Re: "Sorting" assignment



On Feb 11, 6:04 pm, Randy Howard <randyhow...@xxxxxxxxxxxxxxxxx>
wrote:
On Mon, 11 Feb 2008 01:41:06 -0600,spinoza1111wrote
(in article
<8aec508f-e711-412c-8d8e-a1460e148...@xxxxxxxxxxxxxxxxxxxxxxxxxxxx>):





On Feb 11, 3:41 am, Randy Howard <randyhow...@xxxxxxxxxxxxxxxxx>
wrote:
On Sun, 10 Feb 2008 12:13:06 -0600,spinoza1111wrote
(in article
<d74e2997-2abe-455a-bf6c-536935234...@xxxxxxxxxxxxxxxxxxxxxxxxxxxx>):

On Feb 11, 12:23 am, Ben Bacarisse <ben.use...@xxxxxxxxx> wrote:
Well, I wasn't discussing the applicability of specific instances,
because this applicability is probably statistically all over the
place depending on implementations, including implementations in which
in the code in which Richard's code snippet is inserted, which have a
redefined byte by byte memcpy because years ago, some clown couldn't
get the library procedure to "work".

Calling Richard's post a problem just because you might run into a QOI
issue on some ancient compiler doesn't make a lot of sense.  I think it
is quite likely that if part of a C implementation is badly done,

...or overridden by macros that redefine library functions, as I said.
This can be deeply buried inside #includes.

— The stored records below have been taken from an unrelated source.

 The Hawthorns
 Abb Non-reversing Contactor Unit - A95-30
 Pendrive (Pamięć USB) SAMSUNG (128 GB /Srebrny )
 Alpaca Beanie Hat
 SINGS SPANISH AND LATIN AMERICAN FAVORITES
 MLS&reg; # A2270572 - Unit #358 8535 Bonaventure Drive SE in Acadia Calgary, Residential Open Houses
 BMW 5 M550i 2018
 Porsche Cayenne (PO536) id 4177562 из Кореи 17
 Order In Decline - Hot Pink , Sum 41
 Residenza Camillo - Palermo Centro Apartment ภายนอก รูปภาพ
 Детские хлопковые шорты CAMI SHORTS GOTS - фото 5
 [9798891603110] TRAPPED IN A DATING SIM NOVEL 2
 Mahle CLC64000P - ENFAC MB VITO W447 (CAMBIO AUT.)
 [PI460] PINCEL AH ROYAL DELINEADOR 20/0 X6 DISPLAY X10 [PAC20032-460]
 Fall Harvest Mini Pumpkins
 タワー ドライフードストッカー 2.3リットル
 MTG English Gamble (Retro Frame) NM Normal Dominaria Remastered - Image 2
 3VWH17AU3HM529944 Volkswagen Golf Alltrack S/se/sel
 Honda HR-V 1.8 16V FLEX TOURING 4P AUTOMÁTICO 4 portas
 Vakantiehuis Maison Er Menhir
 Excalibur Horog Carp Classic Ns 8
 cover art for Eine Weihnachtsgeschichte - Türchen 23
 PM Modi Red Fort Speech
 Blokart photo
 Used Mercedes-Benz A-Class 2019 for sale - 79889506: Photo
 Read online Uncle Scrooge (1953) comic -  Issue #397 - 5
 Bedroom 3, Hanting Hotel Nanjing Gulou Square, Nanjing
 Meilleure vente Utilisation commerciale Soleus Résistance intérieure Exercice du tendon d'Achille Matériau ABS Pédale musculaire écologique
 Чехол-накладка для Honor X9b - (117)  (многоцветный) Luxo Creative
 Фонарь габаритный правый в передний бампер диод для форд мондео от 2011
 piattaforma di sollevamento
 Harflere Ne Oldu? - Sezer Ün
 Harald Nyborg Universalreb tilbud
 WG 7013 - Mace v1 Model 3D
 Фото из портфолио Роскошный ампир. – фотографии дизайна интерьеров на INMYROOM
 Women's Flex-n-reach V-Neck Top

It can be, yes.  You could puke on any code example published anywhere
that makes what appears to be a function call on those grounds though,
so it seems rather weak.

I didn't say Richard claim it was a perfect solution for bad

            ^^^ typo, this should have been "see" instead of "say"

implemenations.  It was rather a solution in standard C.  All too often

It is a solution in some situations.

Can you think of any likely examples where it wouldn't work?

#define memcpy ... in some clown's program.


I've used "buffering".

Pretty much anyone that's ever used stdio has, even if they don't
realize it.  That's not a big deal.

But in general I prefer not to trade space for time

You should make up your mind, sometimes you flay solutions for being
too slow, other times for optimizing too much, some times for being too
tricky and not beautiful.  Pick a position and stick with it, it'll
make it a lot easier to follow your comments.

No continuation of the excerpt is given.